It’s the time of year again when golden statues are polished and prepared for this year’s Academy Awards. If all goes well, 2014 could even see some record-breaking wins this year, although many have been broken just via nominations. Most years have at least a few broken records, but you’d be amazed at how many there are to break.
One record in particular could go to to Jennifer Lawrence, star of the highly popular film adaption of the Hunger Games. Lawrence is up for Best Actress in a Supporting Role for American Hustle, and should she win it, she’ll be the first to have taken Oscars in two different categories in consecutive years, after having won Actress in a Leading Role for her part in Silver Linings Playbook.
In American Hustle, Lawrence played the wildcard wife of a con man genius, Irving Rosenfeld — played by Christian Bale, who is up for an Oscar for Actor in a Leading Role — who is forced to take part in the FBI’s complex workings in New Jersey’s criminal syndicates and political workings. And while Lawrence was hardly the youngest winner for Actress in a Leading Role — she was 22 at the time — she is the youngest actor to be nominated for a third time, at the age of 23.
American Hustle joined a select group in gaining nominations in all four acting categories while also netting nominations for Best Picture, Best Director, and Best Writing for Original Screenplay. It is the second film to have done so, the other being Reds, in 1981. Even without Best Picture, Director, and Screenplay, it’s only one of 15 films to be nominated for all four acting awards. David O. Russell is to be congratulated here as director, as it’s the second consecutive film of his to do so, the first being Silver Linings Playbook.
Meryl Streep also broke a record this year with nominations, though in her case, the record she broke was her own. Streep was nominated for Best Actress in a Leading Role for her role as Violet Weston in the family drama August: Osage County. This makes for her 18th nomination, further solidifying her hold on the record for most nominations — actors and actresses included. Nebraska, a film about a young man who escorts his father on a trip to Montana to pick up what he believes will be a million dollars, is the most recent black-and-white film to be nominated for Best Picture, following The Artist in 2011.

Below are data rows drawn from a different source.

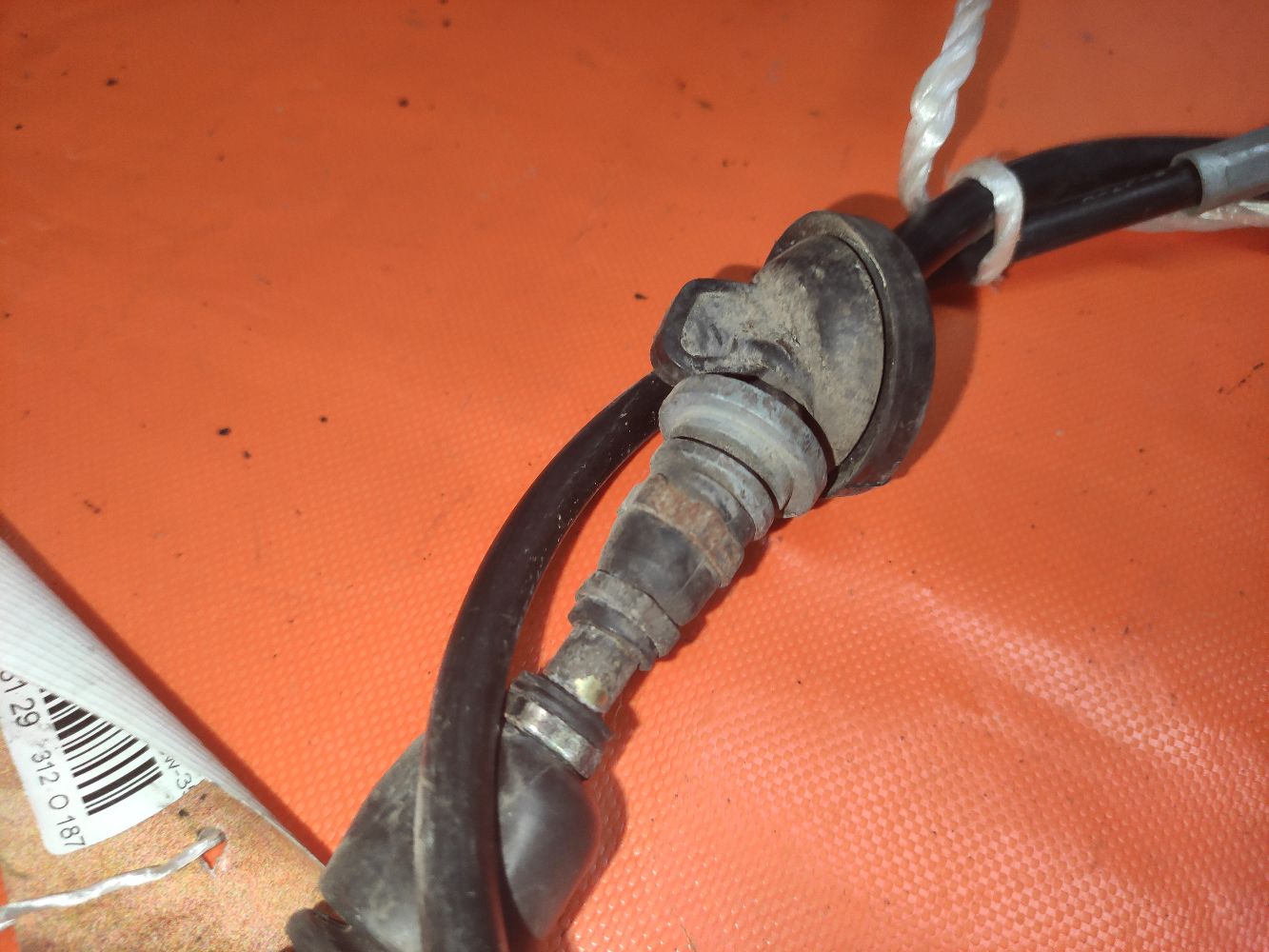 Тросик на коробку передач на Mazda Demio DW3W B3 Фото 4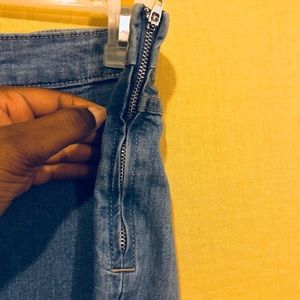 H&M Light Blue Skinny Jeans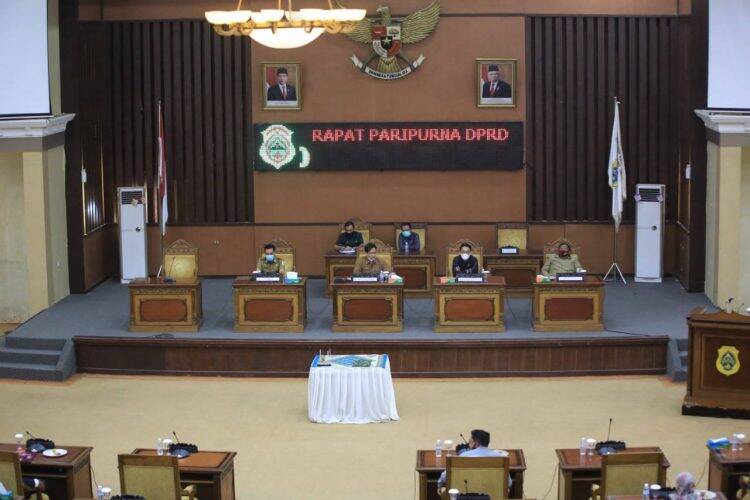Pemerintah Tanjung Jabung Timur menggelar rapat paripurna. Foto: Istimewa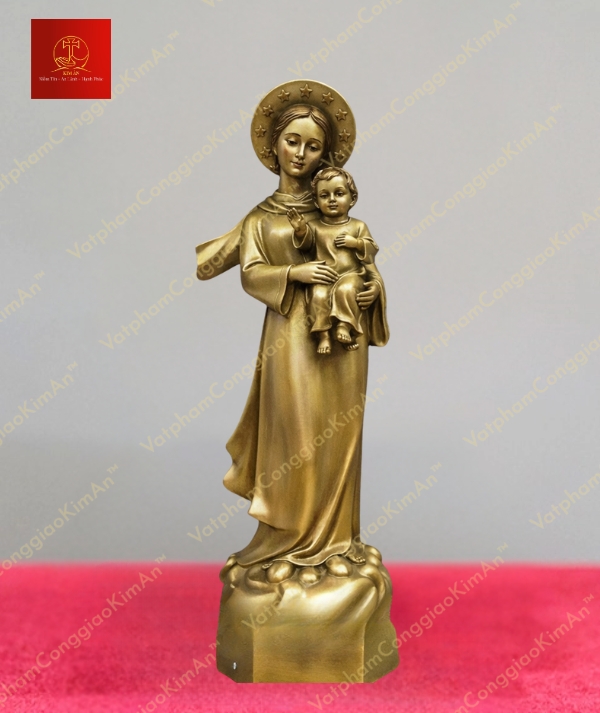 Tượng đức mẹ La Vang mặc áo dài dịu dàng hiền từ, tay bế Chúa Hài Đồng chất liệu đồng cao 30cm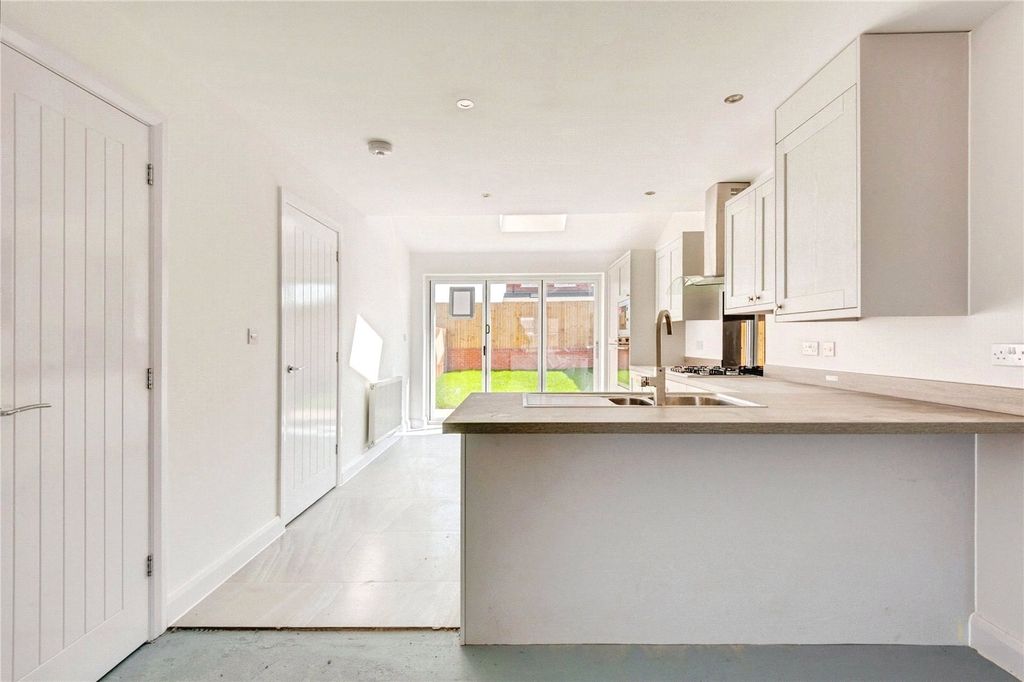 Property photo 3 of 16 Picture No. 04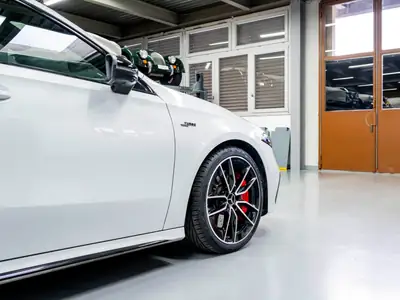 Mercedes-AMG A 35 4Matic+ — Sportive compacte 306 ch, 1 propriétaire, toutes options — Miniature 18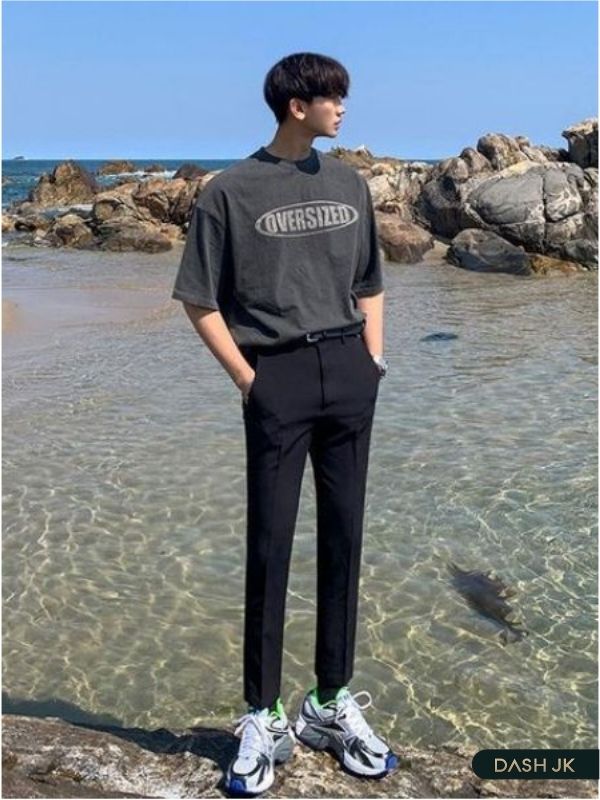 Quần âu dài kết hợp với giày sneaker tạo phong cách trẻ trung, năng động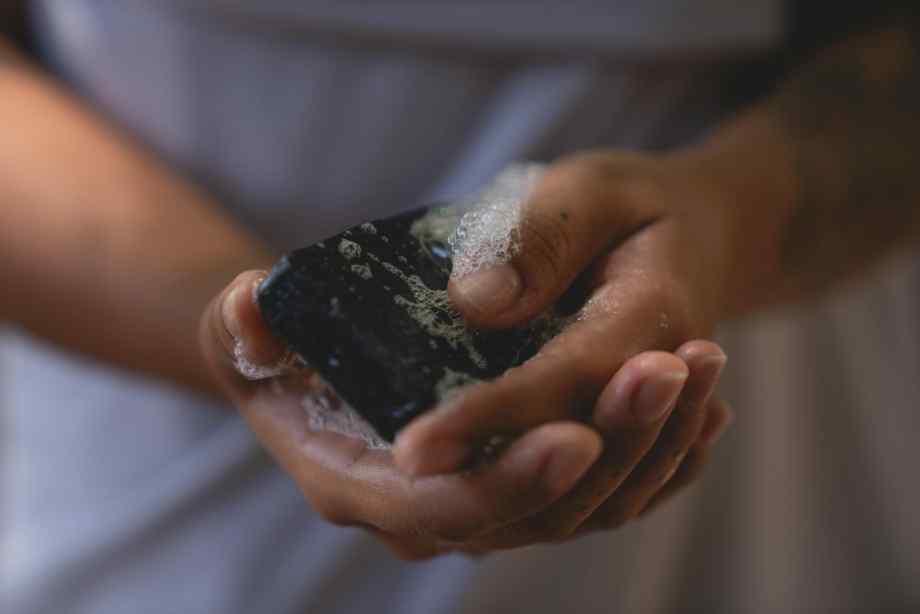 Le savon noir est-il vraiment efficace sur une terrasse très sale ?-Polville Habitat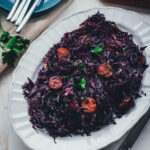 Herzhafter Rotkohlsalat mit würziger Chorizo. Die etwas andere festliche Vorspeise im Winter. Schmeckt sowohl lauwarm als auch kalt und passt perfekt zu Weihnachten und Silvester. Grünkohl mit Mettwürstchen war gestern! | moeyskitchen.com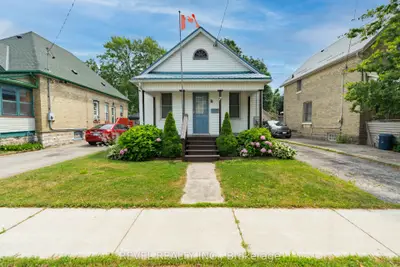 7 Maple Street, St. Thomas, On N5r 1y8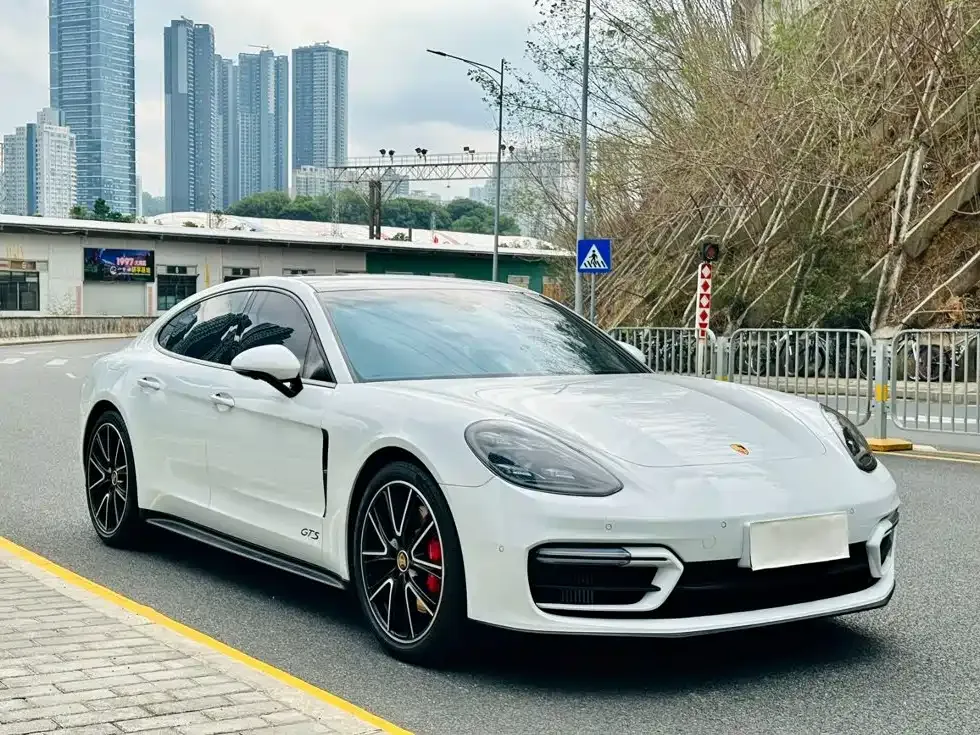 Porsche Panamera — фото 8
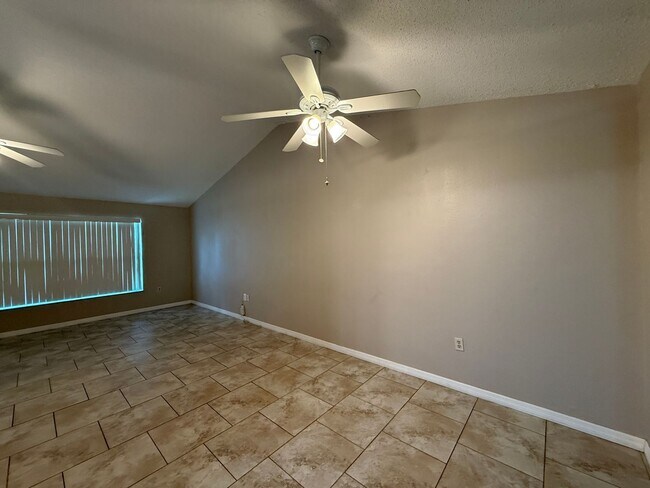 Building Photo - Spacious 2 Bedroom, 2 Bath, 2 car garage Home For Rent in New Port Richey!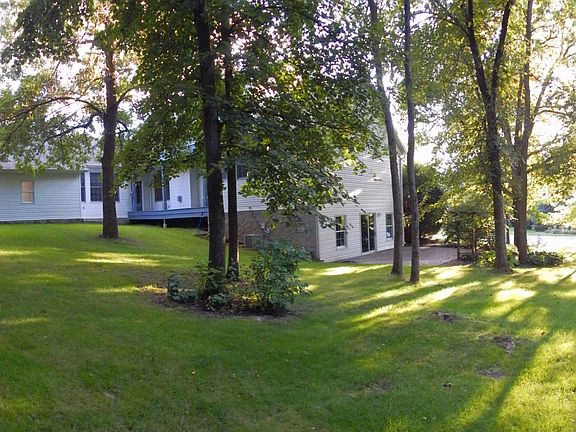 2nd image of 1855 Mapleview Pl NE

Judi Dench, who starred in Philomena as a woman searching for her long-lost son, is up for Best Actress in a Leading Role. This makes for her seventh Oscar nomination since 1998, all after her 63rd birthday, meaning that she’s received the most acting nominations for someone at her age, though she doesn’t yet have the record for oldest nominee — the oldest acting nominee to date has been Gloria Stuart, at 87, for her role in Titanic.